▸ **Goal of the exercise**:
Give back every line of the data, word for word.

[Information provided — start]

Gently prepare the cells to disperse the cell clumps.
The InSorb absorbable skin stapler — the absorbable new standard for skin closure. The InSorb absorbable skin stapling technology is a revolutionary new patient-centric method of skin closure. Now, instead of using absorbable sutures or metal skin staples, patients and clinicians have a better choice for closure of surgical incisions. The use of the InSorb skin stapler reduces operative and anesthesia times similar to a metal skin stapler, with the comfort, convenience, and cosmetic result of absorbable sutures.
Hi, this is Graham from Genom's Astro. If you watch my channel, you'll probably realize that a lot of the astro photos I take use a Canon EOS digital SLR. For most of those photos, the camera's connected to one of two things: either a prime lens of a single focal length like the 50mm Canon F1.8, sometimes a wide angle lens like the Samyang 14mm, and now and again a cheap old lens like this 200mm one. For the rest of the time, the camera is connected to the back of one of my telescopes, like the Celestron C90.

[Information provided — finish]

▸ **Solved problem**:
Gently prepare the cells to disperse the cell clumps.
The InSorb absorbable skin stapler — the absorbable new standard for skin closure. The InSorb absorbable skin stapling technology is a revolutionary new patient-centric method of skin closure. Now, instead of using absorbable sutures or metal skin staples, patients and clinicians have a better choice for closure of surgical incisions. The use of the InSorb skin stapler reduces operative and anesthesia times similar to a metal skin stapler, with the comfort, convenience, and cosmetic result of absorbable sutures.
Hi, this is Graham from Genom's Astro. If you watch my channel, you'll probably realize that a lot of the astro photos I take use a Canon EOS digital SLR. For most of those photos, the camera's connected to one of two things: either a prime lens of a single focal length like the 50mm Canon F1.8, sometimes a wide angle lens like the Samyang 14mm, and now and again a cheap old lens like this 200mm one. For the rest of the time, the camera is connected to the back of one of my telescopes, like the Celestron C90.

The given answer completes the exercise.